BEGIN
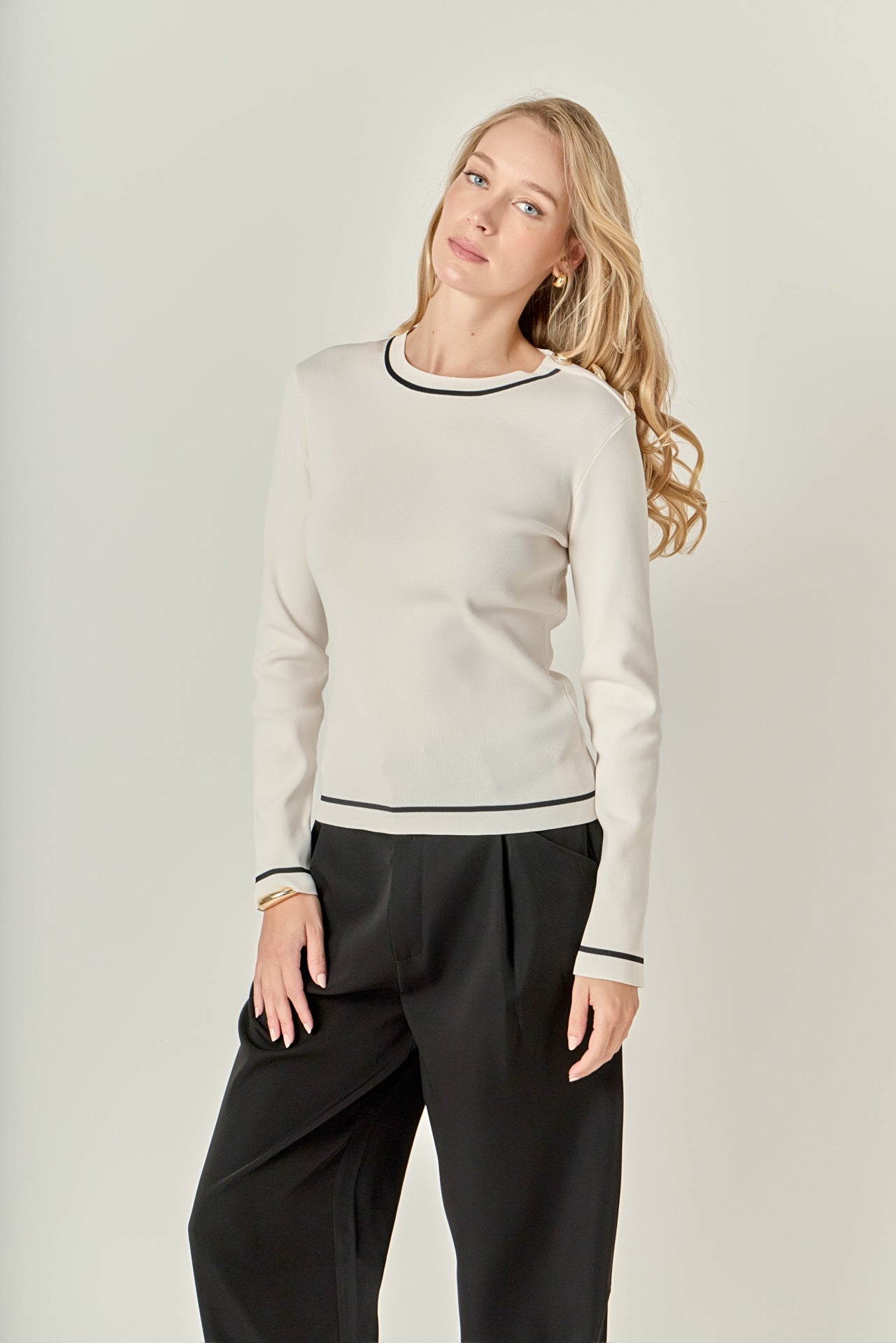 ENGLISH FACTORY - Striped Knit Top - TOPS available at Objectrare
END
BEGIN
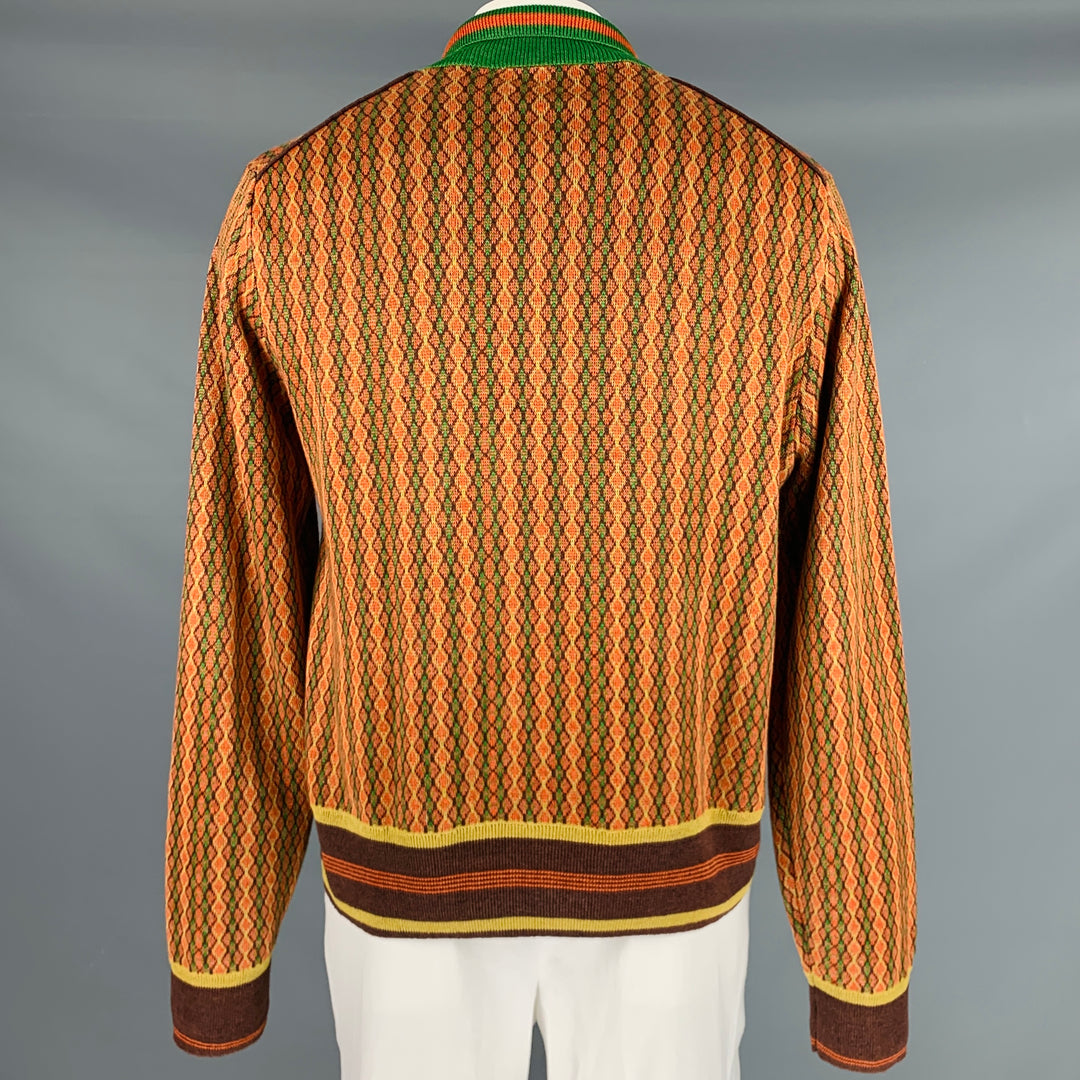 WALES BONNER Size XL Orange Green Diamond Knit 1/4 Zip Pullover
END
BEGIN
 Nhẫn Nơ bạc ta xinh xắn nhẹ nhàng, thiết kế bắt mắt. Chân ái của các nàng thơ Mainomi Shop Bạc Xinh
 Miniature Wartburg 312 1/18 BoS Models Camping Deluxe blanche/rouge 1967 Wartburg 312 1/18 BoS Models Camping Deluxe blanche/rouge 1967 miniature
END
Starting at the line that has "Nhẫn Nơ bạc" and ending at the line that has "Miniature Wartburg 312", please write out the lines above exactly, leaving out all others.

▶ **Final answer**
 Nhẫn Nơ bạc ta xinh xắn nhẹ nhàng, thiết kế bắt mắt. Chân ái của các nàng thơ Mainomi Shop Bạc Xinh
 Miniature Wartburg 312 1/18 BoS Models Camping Deluxe blanche/rouge 1967 Wartburg 312 1/18 BoS Models Camping Deluxe blanche/rouge 1967 miniature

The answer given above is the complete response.